=== WHAT NEEDS TO BE DONE ===
Repeat each record exactly. Any picture gets left out.
---- SUPPLIED INFORMATION
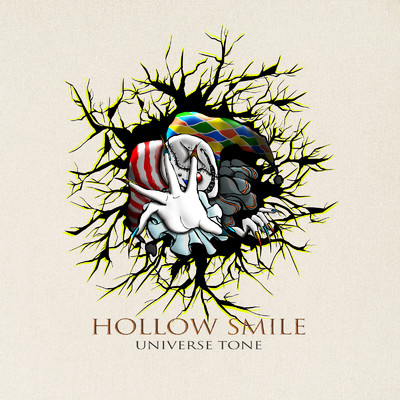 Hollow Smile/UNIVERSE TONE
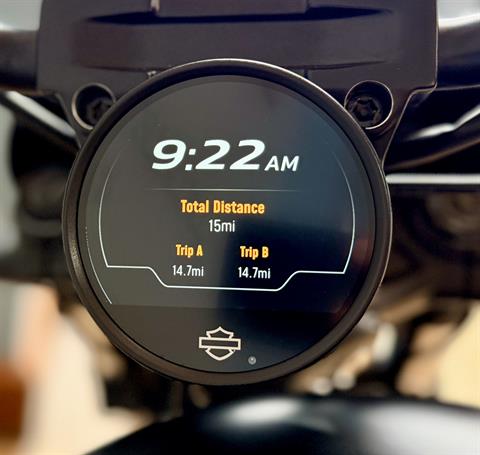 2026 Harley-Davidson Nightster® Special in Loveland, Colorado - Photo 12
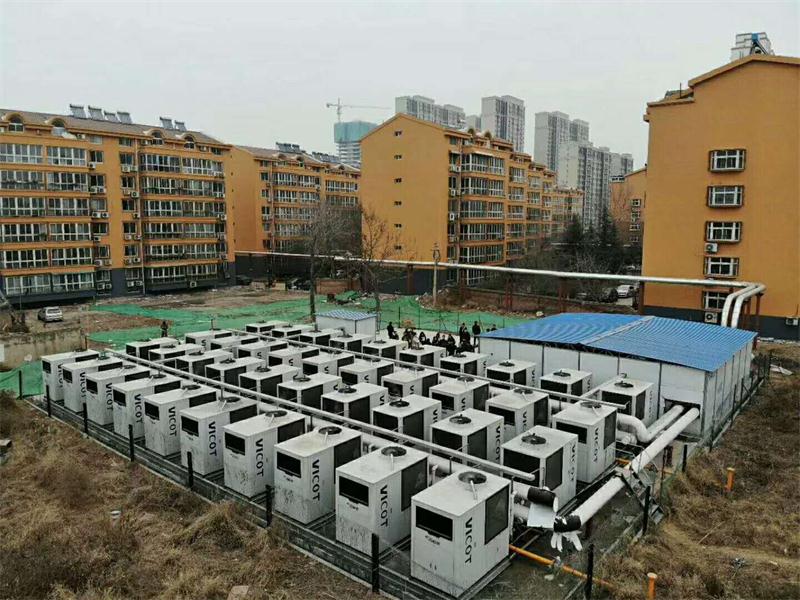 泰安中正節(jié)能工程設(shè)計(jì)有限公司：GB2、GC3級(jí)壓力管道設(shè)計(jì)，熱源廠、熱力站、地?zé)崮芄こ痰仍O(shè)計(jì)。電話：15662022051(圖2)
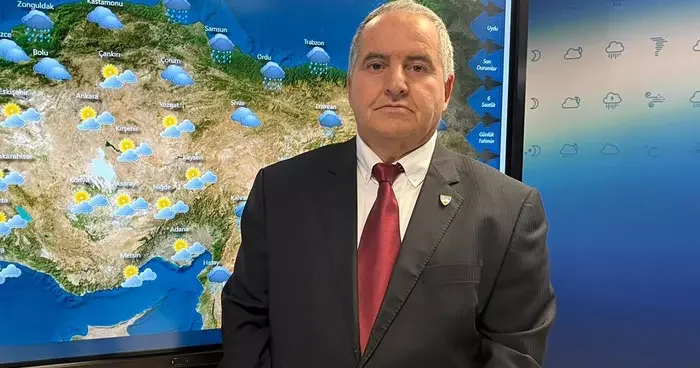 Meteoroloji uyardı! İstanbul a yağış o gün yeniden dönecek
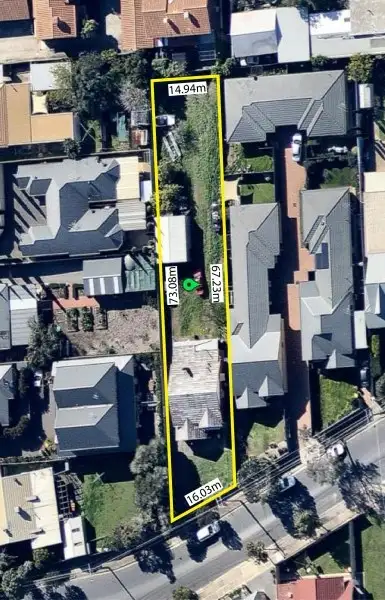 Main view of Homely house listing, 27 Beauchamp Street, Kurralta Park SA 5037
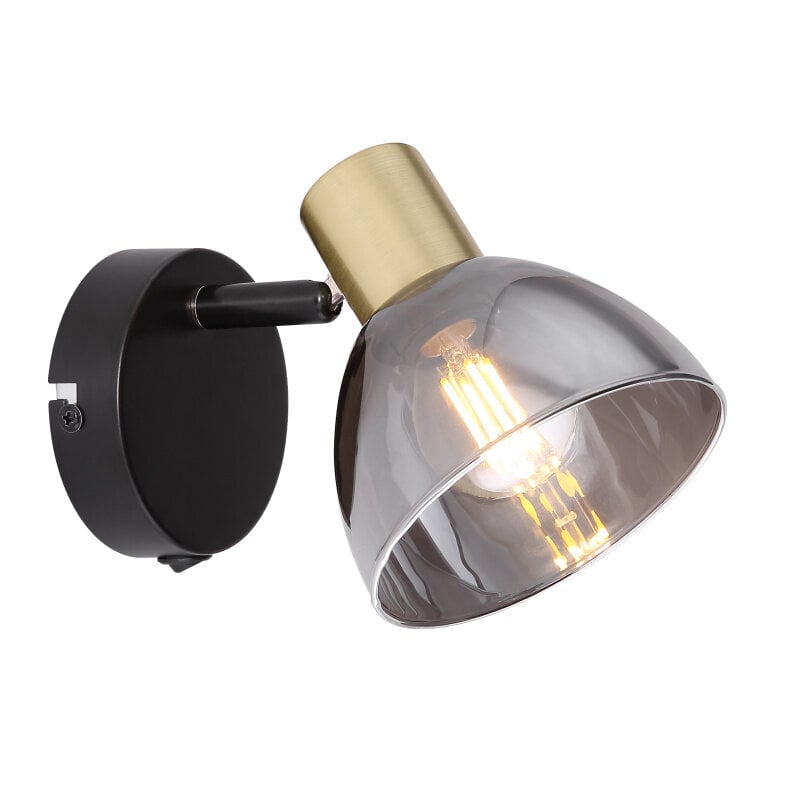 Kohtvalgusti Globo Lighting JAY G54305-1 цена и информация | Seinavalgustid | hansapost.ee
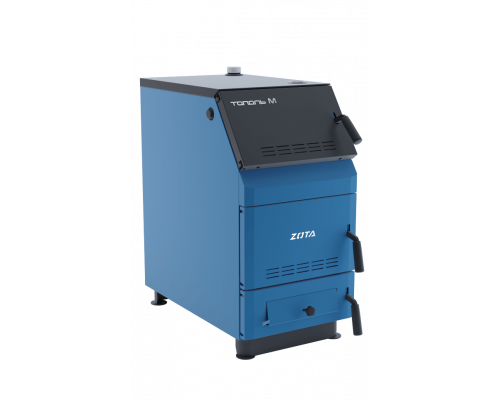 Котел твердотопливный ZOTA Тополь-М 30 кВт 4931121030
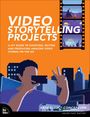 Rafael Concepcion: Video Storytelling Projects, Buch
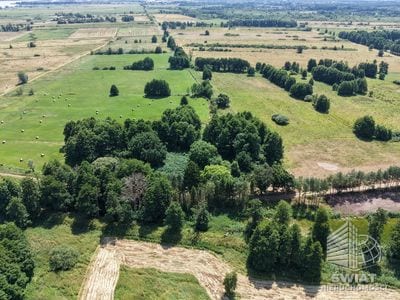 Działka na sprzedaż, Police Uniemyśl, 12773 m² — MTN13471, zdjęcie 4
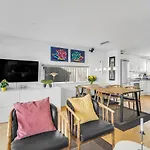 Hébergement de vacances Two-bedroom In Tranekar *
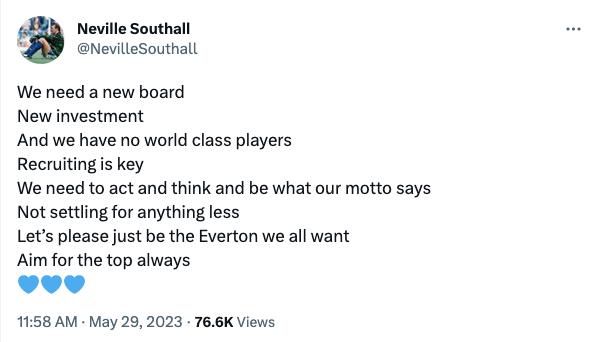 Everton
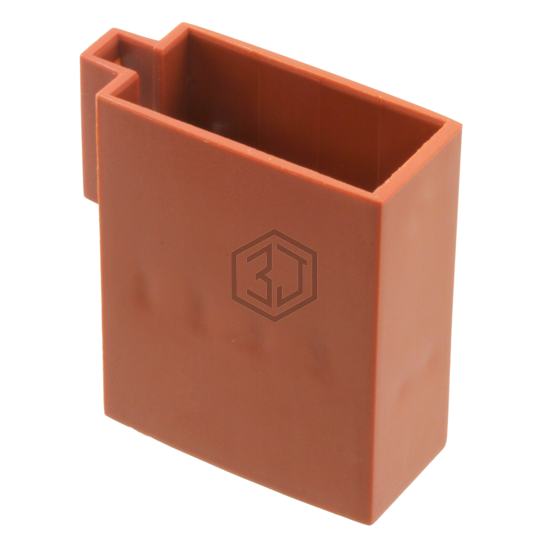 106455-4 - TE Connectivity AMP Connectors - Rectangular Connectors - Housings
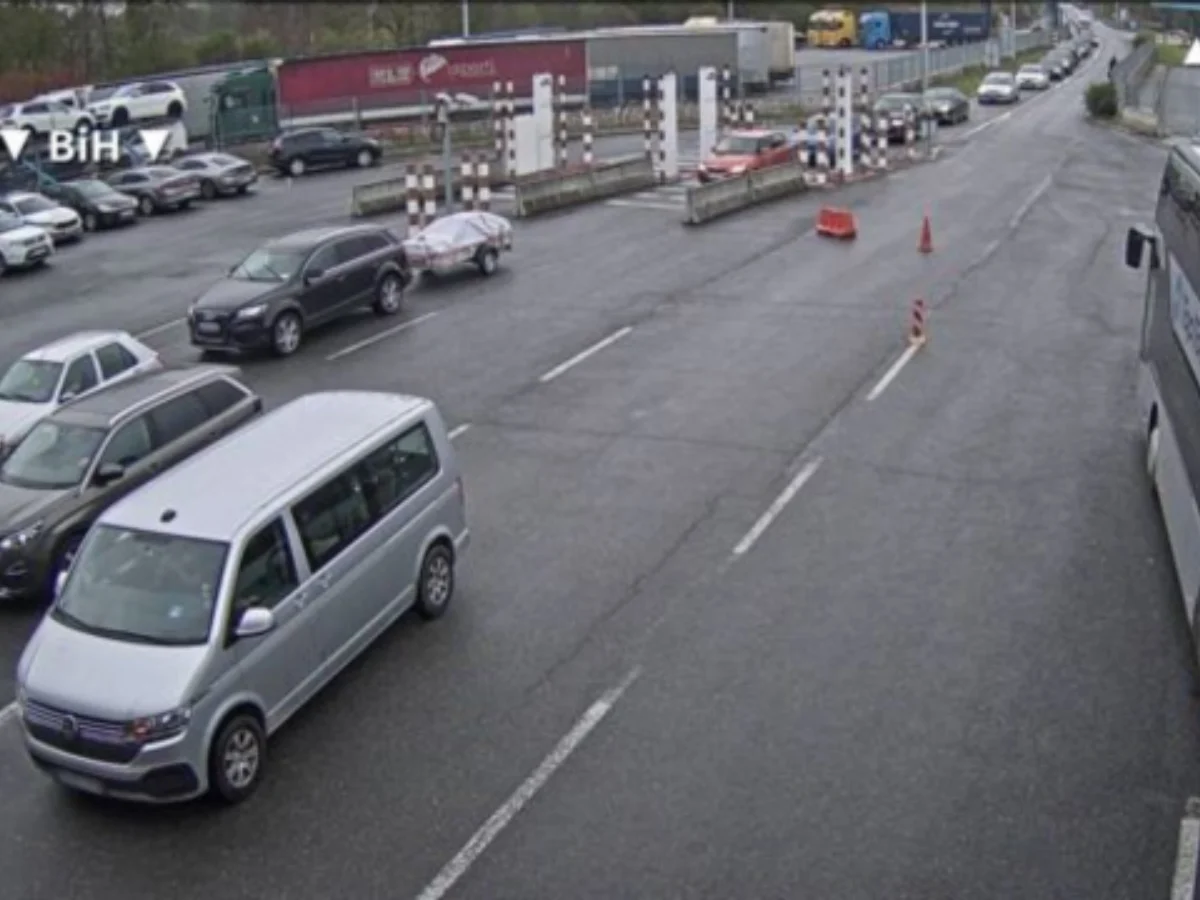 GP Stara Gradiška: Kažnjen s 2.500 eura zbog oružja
--------
=== ANSWER BOX ===
 Hollow Smile/UNIVERSE TONE
 2026 Harley-Davidson Nightster® Special in Loveland, Colorado - Photo 12
 泰安中正節(jié)能工程設(shè)計(jì)有限公司：GB2、GC3級(jí)壓力管道設(shè)計(jì)，熱源廠、熱力站、地?zé)崮芄こ痰仍O(shè)計(jì)。電話：15662022051(圖2)
 Meteoroloji uyardı! İstanbul a yağış o gün yeniden dönecek
 Main view of Homely house listing, 27 Beauchamp Street, Kurralta Park SA 5037
 Kohtvalgusti Globo Lighting JAY G54305-1 цена и информация | Seinavalgustid | hansapost.ee
 Котел твердотопливный ZOTA Тополь-М 30 кВт 4931121030
 Rafael Concepcion: Video Storytelling Projects, Buch
 Działka na sprzedaż, Police Uniemyśl, 12773 m² — MTN13471, zdjęcie 4
 Hébergement de vacances Two-bedroom In Tranekar *
 Everton
 106455-4 - TE Connectivity AMP Connectors - Rectangular Connectors - Housings
 GP Stara Gradiška: Kažnjen s 2.500 eura zbog oružja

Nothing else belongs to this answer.